Data items:
=====

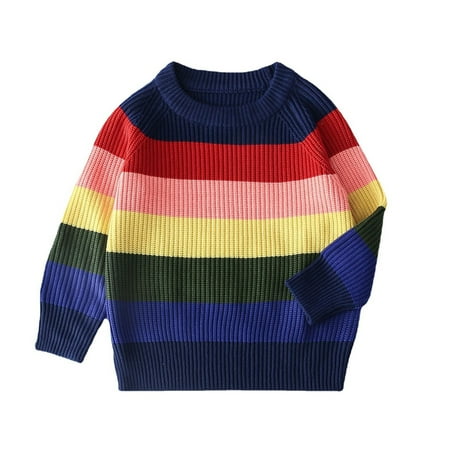 

BULLPIANO Toddler Baby Girl Boy Knit Sweater Round Neck Long Sleeve Striped Pullover Warm Sweatshirt Fall Winter Clothes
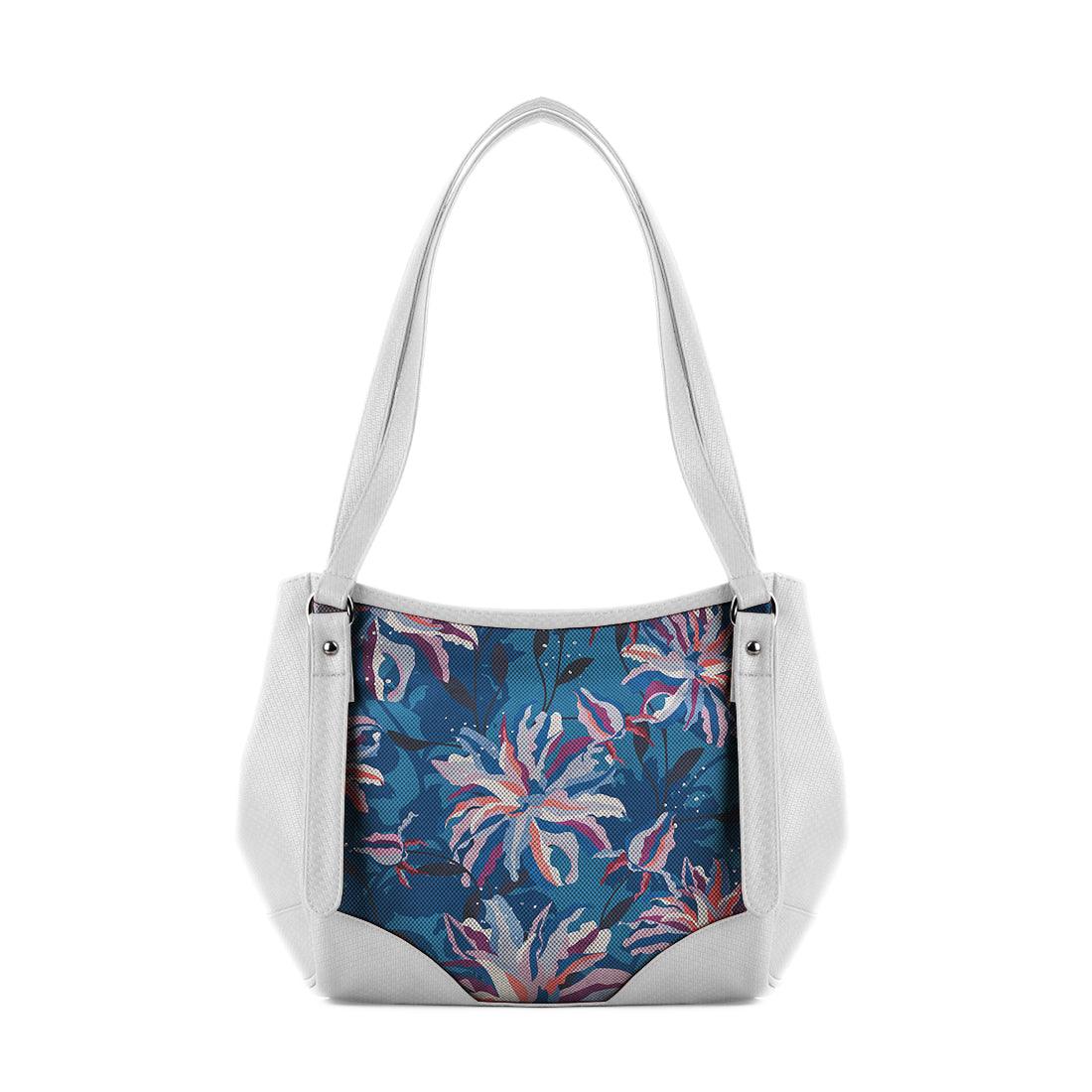 White Leather Tote Bag Sea Leaf - CANVAEGYPT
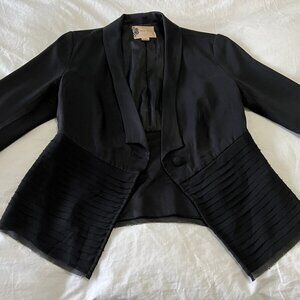 Anthropologie Women's Fleur Wood Black Tiered Layered Blazer Jacket Size 8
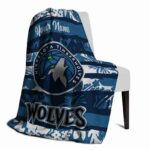 customized minnesota timberwolves floral stripes midnight blue white blanket best selling
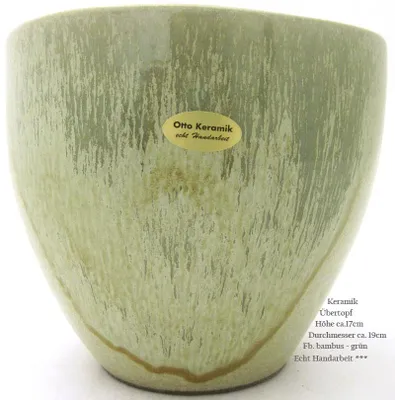 Produktbild von Übertopf Keramik bambus - grün ca. 17x19 cm (HxD) Echt Handarbeit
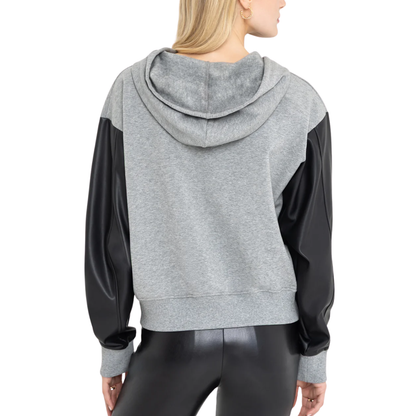 LISBET VEGAN LEATHER HOODIE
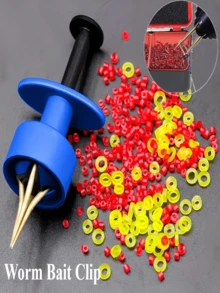 1pc Fishing Clip With 2pcs Elastic Rubber Bands, Designed For Worm Bait, Suitable For Handmade Particle Bait, Applicable For Freshwater And Saltwater Fishing, Battery-Free - Multicolor - View 2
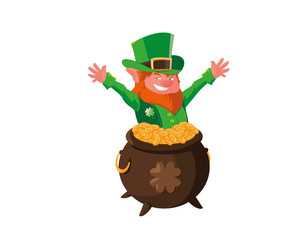 saint patrick lemprechaun with treasure cauldron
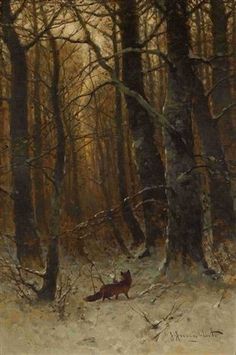 a painting of a fox running through the snow in a wooded area with tall trees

=====

Omit the pictures. Output every record above word for word.

BULLPIANO Toddler Baby Girl Boy Knit Sweater Round Neck Long Sleeve Striped Pullover Warm Sweatshirt Fall Winter Clothes
 White Leather Tote Bag Sea Leaf - CANVAEGYPT
 Anthropologie Women's Fleur Wood Black Tiered Layered Blazer Jacket Size 8
 customized minnesota timberwolves floral stripes midnight blue white blanket best selling
 Produktbild von Übertopf Keramik bambus - grün ca. 17x19 cm (HxD) Echt Handarbeit
 LISBET VEGAN LEATHER HOODIE
 1pc Fishing Clip With 2pcs Elastic Rubber Bands, Designed For Worm Bait, Suitable For Handmade Particle Bait, Applicable For Freshwater And Saltwater Fishing, Battery-Free - Multicolor - View 2
 saint patrick lemprechaun with treasure cauldron
 a painting of a fox running through the snow in a wooded area with tall trees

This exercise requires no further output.